S4: cleaning the surface of the second material layer exposed by the source ohmic contact hole and the drain ohmic contact hole;

s5: removing the protective layer at the bottom of the gate pad opening to expose the gate pad connection layer;

s6: an ohmic contact metal layer is formed on the insulating layer, the ohmic contact metal layer comprises a source electrode pad, a drain electrode pad, a gate electrode pad, a source electrode connecting wire and a drain electrode connecting wire, the source electrode pad, the drain electrode pad and the gate electrode pad are all located on the upper surface of the insulating layer above the isolation structure and are arranged at intervals, one end of the source electrode connecting wire is connected with the source electrode pad, the other end of the source electrode connecting wire extends into the source electrode ohmic contact hole to be electrically connected with the second material layer, one end of the drain electrode connecting wire is connected with the drain electrode pad, the other end of the drain electrode connecting wire extends into the drain electrode ohmic contact hole to be electrically connected with the second material layer, and the gate electrode pad is further filled into the gate electrode pad opening to be electrically connected with the gate electrode pad connecting layer.
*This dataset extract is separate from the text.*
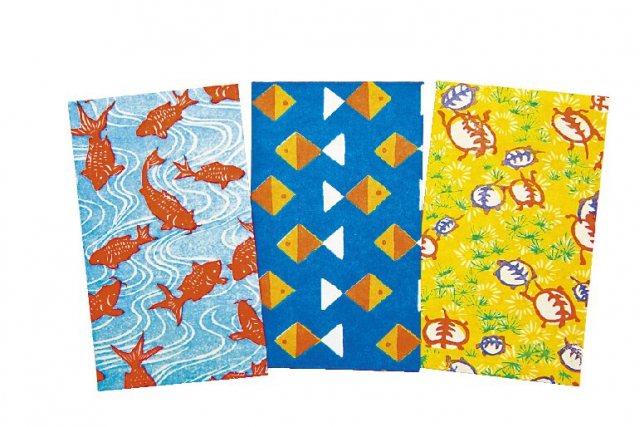 所蔵の図案をアレンジした和文具「芸艸堂」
By way of example, the test structures are fabricated in scribe line regions or other suitable regions of the wafer.

As an example, the test structure is a single-gate finger structure, please refer to fig. 10, which is a schematic plan view of the single-gate finger structure to be fabricated in this embodiment, and includes a gate pad 402, a source pad 403 and a drain pad 404 disposed on an isolation structure 401 at intervals, wherein the isolation structure 401 defines an active region 405, the gate pad 402 is connected to a gate in the active region through a first lead region 406, the source pad 403 is connected to a source in the active region through a second lead region 407, and the drain pad 404 is connected to a drain in the active region through a third lead region 408.

As an example, please refer to fig. 11, 12a, 12b and 12c, the step S1 is executed: a semiconductor layer is provided in which isolation structures 401 are formed to isolate active regions in the semiconductor layer.

Specifically, as shown in fig. 11, the semiconductor layer includes a first material layer 409, a second material layer 410, and a P-type layer 411 sequentially disposed from bottom to top, where an interface between the first material layer 409 and the second material layer 410 contains two-dimensional electron gas. In this embodiment, the material of the first material layer 409 includes intrinsic GaN, the material of the second material layer 410 includes AlGaN, and the material of the P-type layer 411 includes P-type GaN.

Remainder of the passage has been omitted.